PROBLEM DESCRIPTION: Exactly the lines from the start of the data below through the line that contains "Rullo pickup carta" are to be copied, with pictures left out.

-- TASK MATERIAL follows --

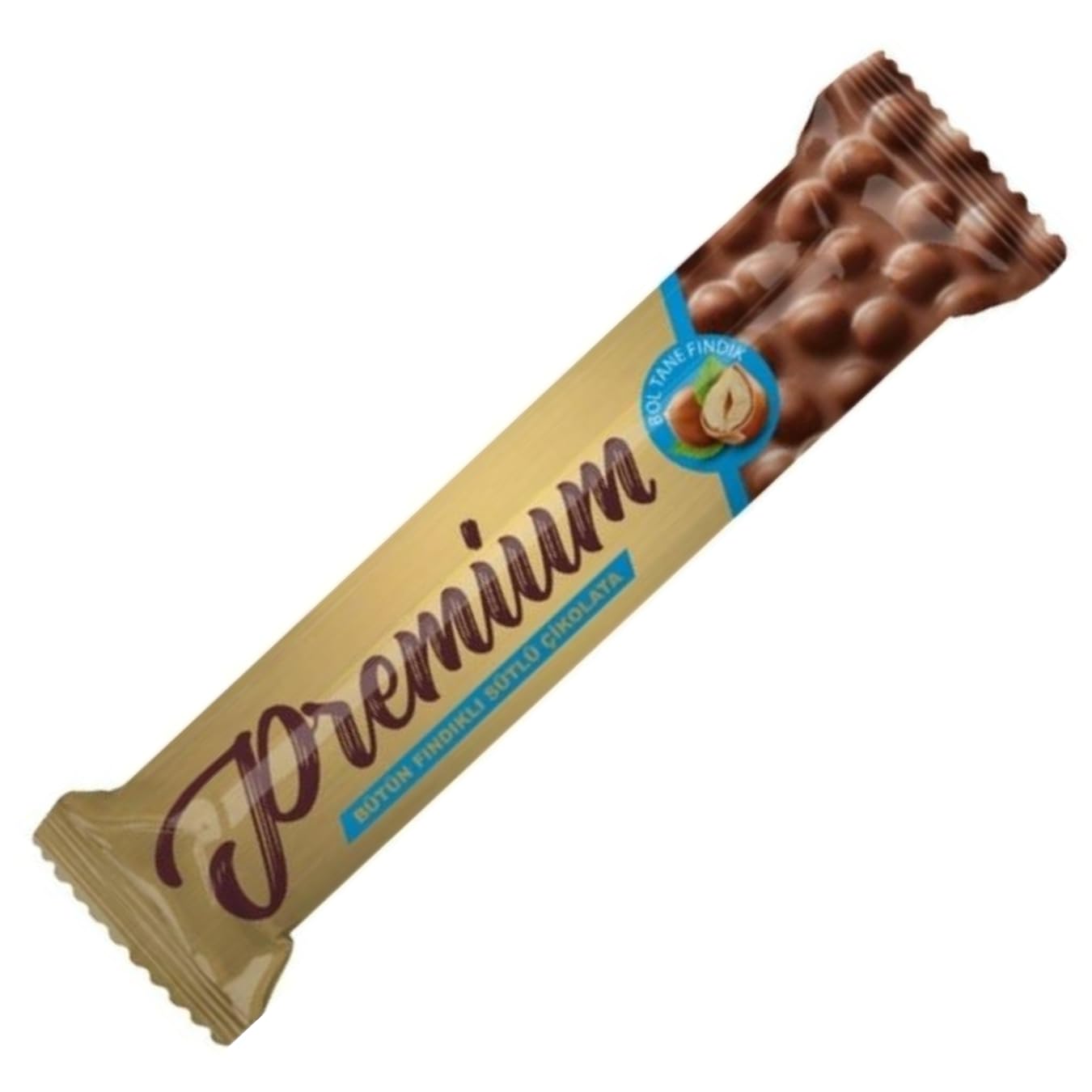 Chocolate Dream Treat Pack, Pistachio Chocolate 2.65 oz, Hazelnut Chocolatee 2.6 oz, Almond Chocolatte 2.65oz, Hazelnut Rain 1.41 oz, Pistachio Rain 1.41oz, Eid, Valentine's Day, (Pack of 3)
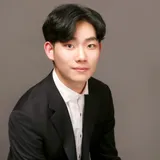 윤모영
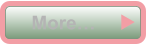 More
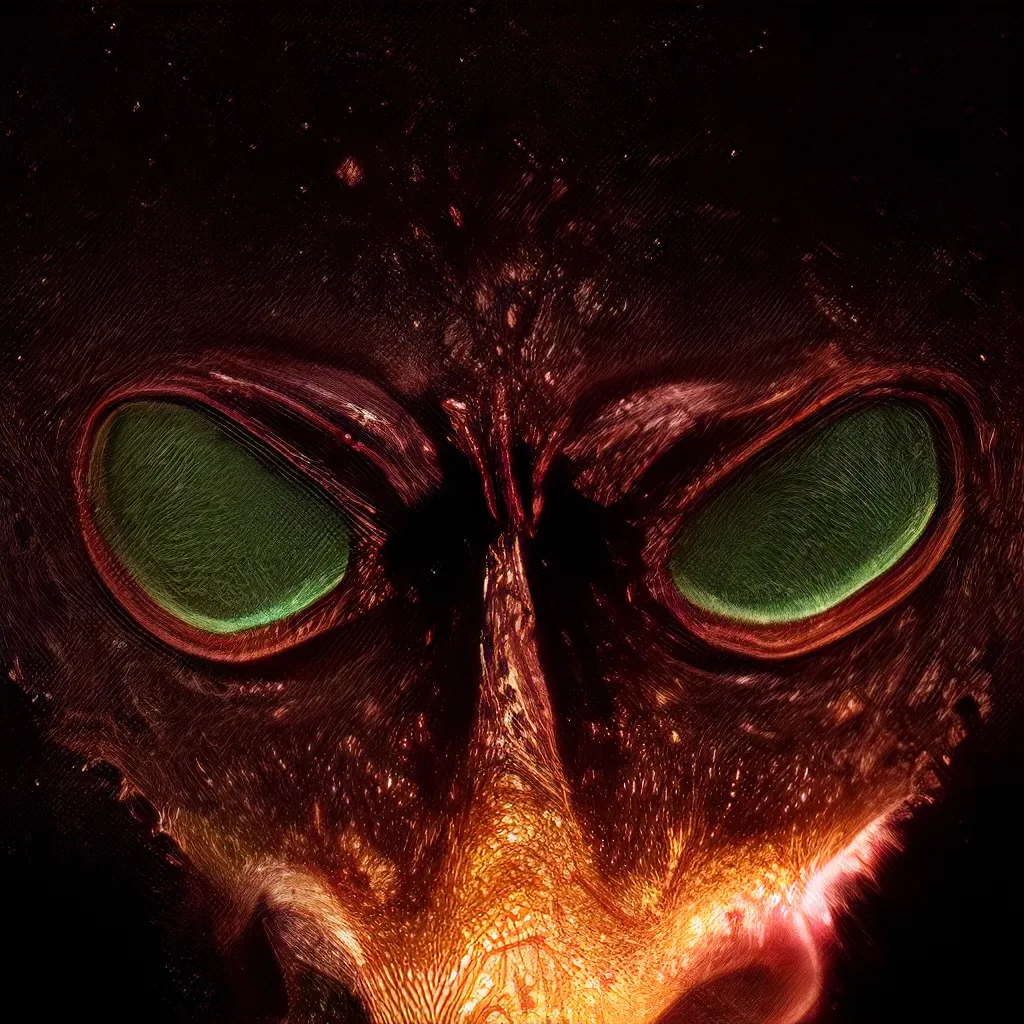 alien2.png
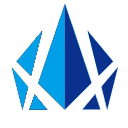ALIBOXX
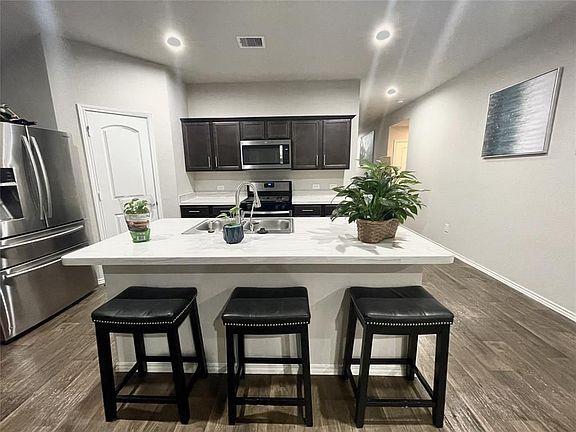 2nd image of 5602 Havenwood Creek Ct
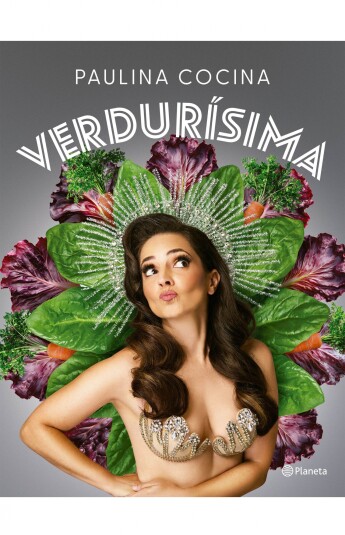 Verdurísima Verdurísima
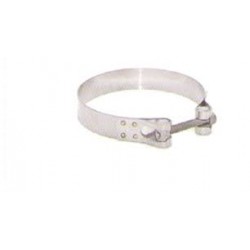 Collier pour Scania 1779825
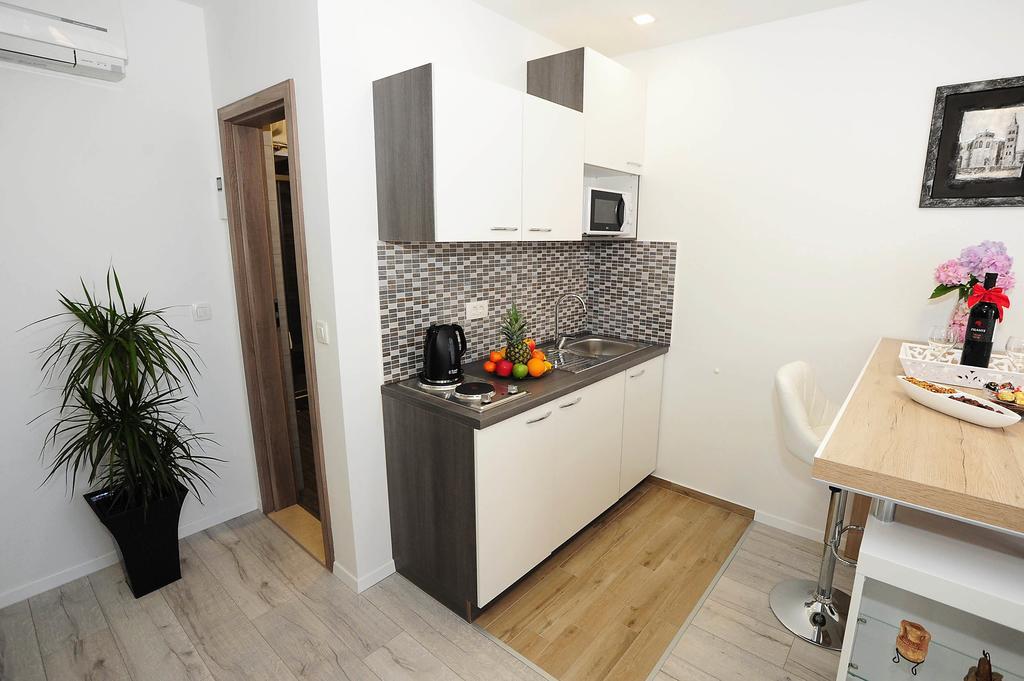 2studios Kalelarga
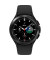 Смарт-часы Samsung Galaxy Watch4 Classic 46mm Black (SM-R890NZKA)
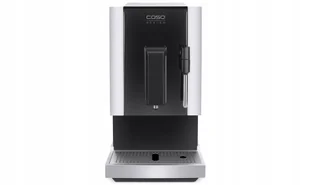 Ekspres do kawy Caso Germany Cafe Crema One 1881 - Ekspresy do kawy - miniaturka - grafika 1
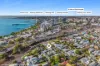 5/18-22 Oconnell Street, Geelong West, Vic 3218-Image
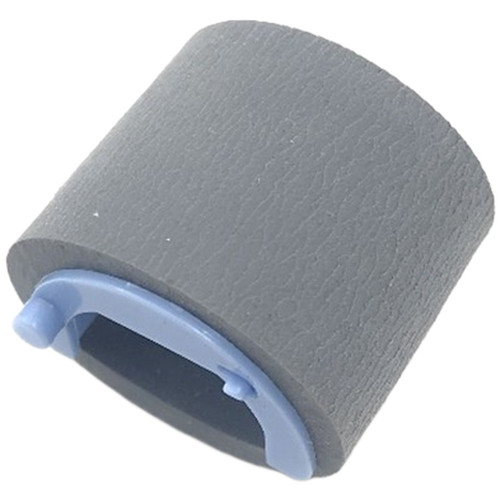 Rullo pickup carta ampia - pickup,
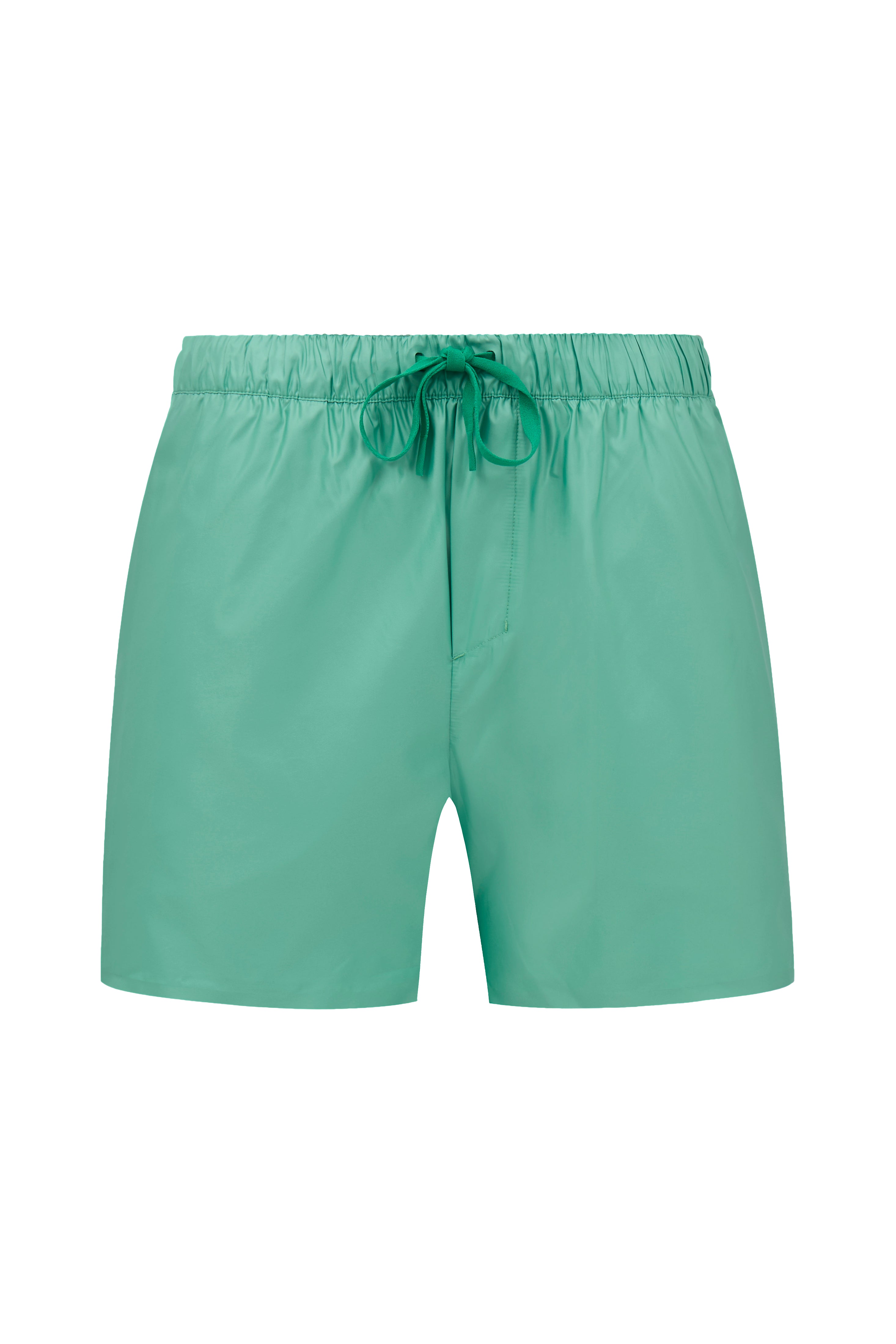 #renk_spring green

-- TASK MATERIAL concluded --

RESULT OF THIS TASK:
 Chocolate Dream Treat Pack, Pistachio Chocolate 2.65 oz, Hazelnut Chocolatee 2.6 oz, Almond Chocolatte 2.65oz, Hazelnut Rain 1.41 oz, Pistachio Rain 1.41oz, Eid, Valentine's Day, (Pack of 3)
 윤모영
 More
 alien2.png
ALIBOXX
 2nd image of 5602 Havenwood Creek Ct
 Verdurísima Verdurísima
 Collier pour Scania 1779825
 2studios Kalelarga
 Смарт-часы Samsung Galaxy Watch4 Classic 46mm Black (SM-R890NZKA)
 Ekspres do kawy Caso Germany Cafe Crema One 1881 - Ekspresy do kawy - miniaturka - grafika 1
 5/18-22 Oconnell Street, Geelong West, Vic 3218-Image
 Rullo pickup carta ampia - pickup,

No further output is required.